* **What you need to do**
Retype the listing exactly as it stands, and keep every image out.

* **Material provided**
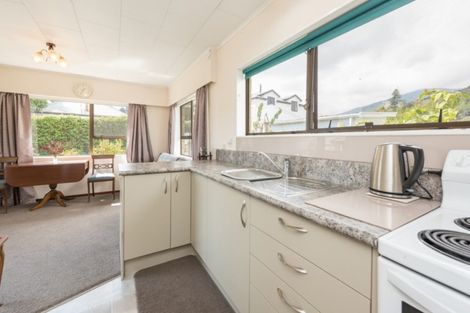 Photo of property in 2/1 Alyson Place, Stoke, Nelson, 7011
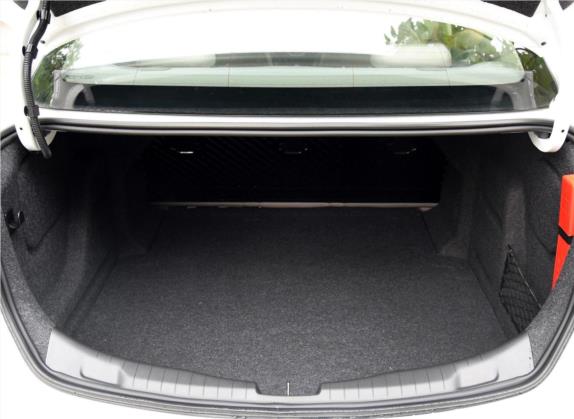 科鲁兹 2016款 1.5L 自动时尚天窗版 车厢座椅   后备厢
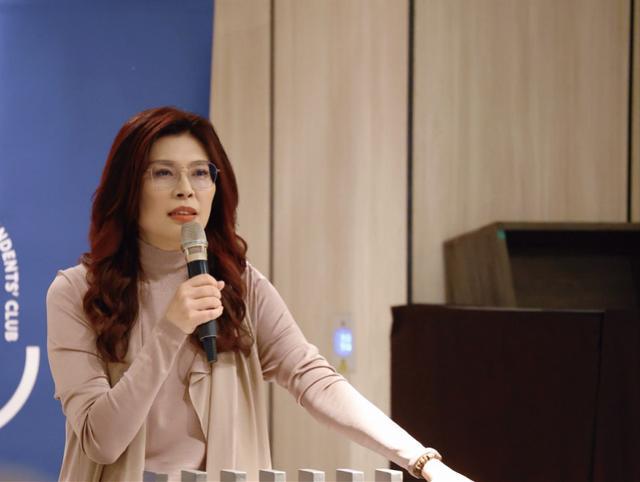  十年轮回：郑丽文率团访陆背后的政治逻辑与两岸关系新变量 新闻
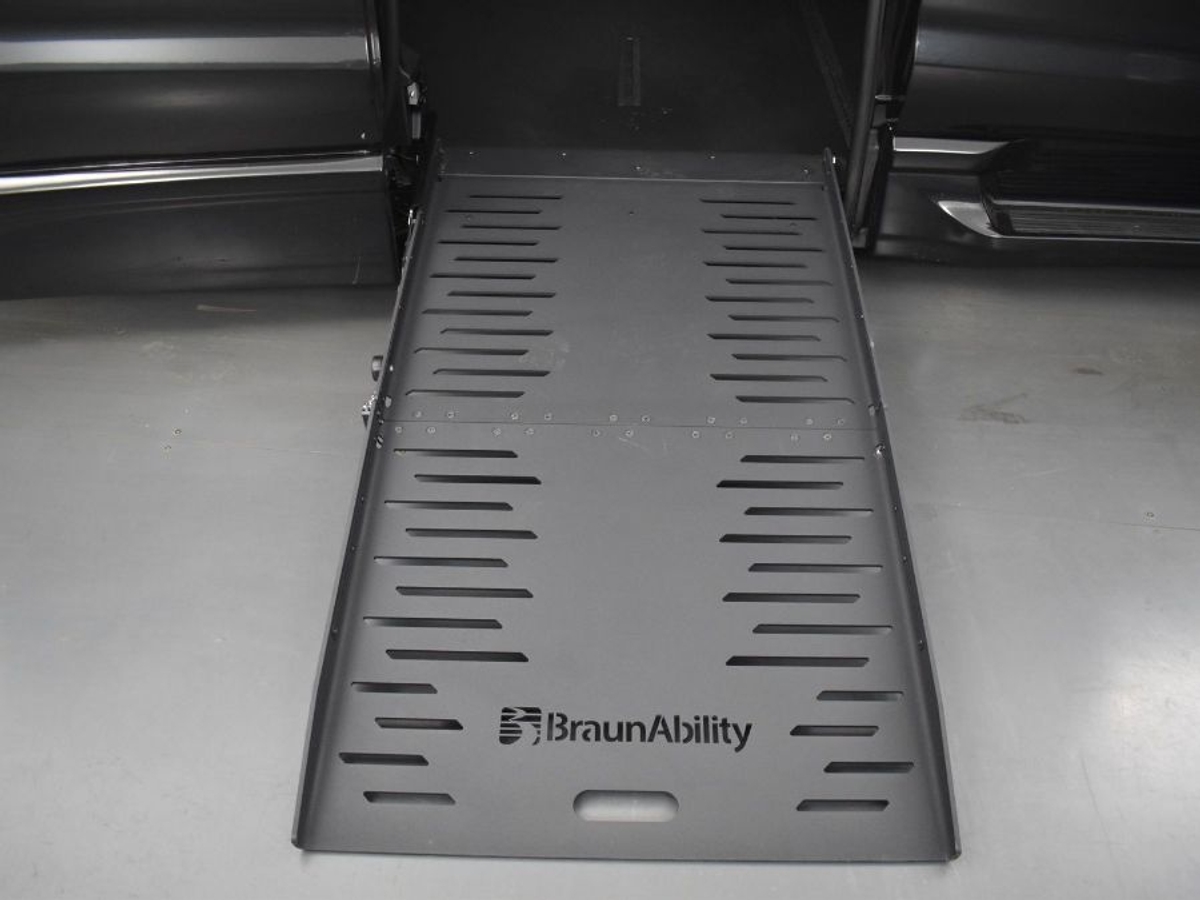 2023 CHRYSLER VOYAGER - Image 11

* **Exercise solution**
 Photo of property in 2/1 Alyson Place, Stoke, Nelson, 7011
 科鲁兹 2016款 1.5L 自动时尚天窗版 车厢座椅   后备厢
  十年轮回：郑丽文率团访陆背后的政治逻辑与两岸关系新变量 新闻
 2023 CHRYSLER VOYAGER - Image 11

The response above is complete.